About | Piedmont Biofuels


----------



## money_man (Feb 25, 2014)

Thought the cruze was only good for B20?


----------



## Tomko (Jun 1, 2013)

money_man said:


> Thought the cruze was only good for B20?


Correct.


----------



## diesel (Jun 8, 2013)

I do not recall anybody on the forum ever regularly running B20. For mine, I always keep it under B5. I may have once or twice inadvertently filled up with something like B11, but that was like one or two tanks out of 147K miles.


----------



## KpaxFAQ (Sep 1, 2013)

I don't have any firsthand experience but from information I've gathered it would be wise to steer clear of higher than B5 in modern common rail diesels if possible. I'm sure occasionally running higher isn't a big deal but the people who developed problems seemed to run it for 100k or something


----------



## silvertank (May 26, 2015)

I've run several tanks of b20 with no issues out of it ran a little quieter and lost like a mile or 2 but after I just cut b20 with regular diesel and best I've pulled out was like 58 on a trip


----------



## GlennGlenn (Nov 27, 2015)

silvertank said:


> I've run several tanks of b20 with no issues out of it ran a little quieter and lost like a mile or 2 but after I just cut b20 with regular diesel and best I've pulled out was like 58 on a trip



In IL, most stations have B11 diesel, so we're sorta forced to use greater than B5 here.


----------



## theonlypheonix (Oct 8, 2015)

diesel said:


> I do not recall anybody on the forum ever regularly running B20. For mine, I always keep it under B5. I may have once or twice inadvertently filled up with something like B11, but that was like one or two tanks out of 147K miles.
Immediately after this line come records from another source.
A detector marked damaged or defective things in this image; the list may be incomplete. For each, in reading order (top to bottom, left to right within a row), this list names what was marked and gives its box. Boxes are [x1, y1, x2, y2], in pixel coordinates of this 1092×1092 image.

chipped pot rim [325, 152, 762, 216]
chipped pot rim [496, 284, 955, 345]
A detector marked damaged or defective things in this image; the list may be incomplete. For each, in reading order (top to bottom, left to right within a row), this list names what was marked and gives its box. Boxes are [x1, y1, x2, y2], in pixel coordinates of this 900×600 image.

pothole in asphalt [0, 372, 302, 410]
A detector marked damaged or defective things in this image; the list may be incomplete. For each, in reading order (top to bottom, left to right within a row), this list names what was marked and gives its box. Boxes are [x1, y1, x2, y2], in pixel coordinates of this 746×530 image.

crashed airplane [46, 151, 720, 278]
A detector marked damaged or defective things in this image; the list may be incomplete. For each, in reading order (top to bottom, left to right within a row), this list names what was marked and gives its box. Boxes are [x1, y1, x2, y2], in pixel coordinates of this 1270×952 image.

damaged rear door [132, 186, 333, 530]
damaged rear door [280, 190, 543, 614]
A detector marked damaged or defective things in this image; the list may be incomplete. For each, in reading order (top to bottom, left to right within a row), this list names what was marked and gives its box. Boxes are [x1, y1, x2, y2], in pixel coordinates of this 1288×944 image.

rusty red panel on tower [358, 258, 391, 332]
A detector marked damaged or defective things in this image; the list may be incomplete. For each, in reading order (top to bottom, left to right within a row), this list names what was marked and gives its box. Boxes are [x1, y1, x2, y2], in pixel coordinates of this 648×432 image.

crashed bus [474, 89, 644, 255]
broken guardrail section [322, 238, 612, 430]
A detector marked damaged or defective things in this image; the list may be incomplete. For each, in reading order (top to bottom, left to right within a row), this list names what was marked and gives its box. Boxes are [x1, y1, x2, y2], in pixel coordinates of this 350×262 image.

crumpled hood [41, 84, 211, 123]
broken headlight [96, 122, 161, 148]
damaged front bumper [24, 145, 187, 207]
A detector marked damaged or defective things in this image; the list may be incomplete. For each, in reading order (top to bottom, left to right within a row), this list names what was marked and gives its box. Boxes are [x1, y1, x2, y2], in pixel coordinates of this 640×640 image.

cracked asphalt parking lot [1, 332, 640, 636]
I live in northern IL and all the pumps I've seem are labeled B12- B20. Pot luck what you get, however more then likely it's closer to B20. Where do you find < B5 diesel??


----------



## pandrad61 (Jul 8, 2015)

i have always steered clear of the stuff, i just found out pilot truck stations here in florida are b5. i asked the manager to make sure and she was like WTF i had no idea it is b5


----------



## theonlypheonix (Oct 8, 2015)

In IL I've seen BIG name stations put a label on their diesel pumps that they are NOT the supplier an not responsible for the diesel fuel. Here it's the WILD WEST when it comes to diesel fuel! Monitored as well as our governors where the previous two have been sent to jail!


----------



## diesel (Jun 8, 2013)

theonlypheonix said:


> I live in northern IL and all the pumps I've seem are labeled B12- B20. Pot luck what you get, however more then likely it's closer to B20. Where do you find < B5 diesel??


OH, PA, WV mainly. My understanding is that if the pump isn't labeled with anything other than "ULSD 15 PPM Sulfur" then it's B5 or less.


----------



## CruzeDan (May 17, 2015)

Biodiesel all depends on the state. Some states force it's use. In PA it's required to be at least 5%. Here in NJ biodiesel is nowhere to be found.


----------



## KpaxFAQ (Sep 1, 2013)

CruzeDan said:


> Biodiesel all depends on the state. Some states force it's use. In PA it's required to be at least 5%. Here in NJ biodiesel is nowhere to be found.


That is incorrect. PA is mandated to be 2% biodiesel currently. Biodiesel content has to be labeled on the pump if it's 5% or higher. I like it because 2% gives you the optimal benefits of lubricity that biodiesel adds to the fuel without the drawbacks higher levels can bring to other engine components.


----------



## mkohan (Dec 19, 2015)

Thanks for the info. Didn't know PA required Bio. Inter search shows Randel signed the law in 2009. Bio % will increase as availability increases. No need for me to drive to Ohio.


----------



## boneheaddoctor (Dec 10, 2014)

The issue with commercial biodiesel is it is a VERY effective solvent, and will slowly dissolve any rubber or synthetic rubber except Viton (turn it to mush). Which is pretty pricey. Its usually got a very high centane but its cloud points can easily be significantly higher temps than #2 diesel. 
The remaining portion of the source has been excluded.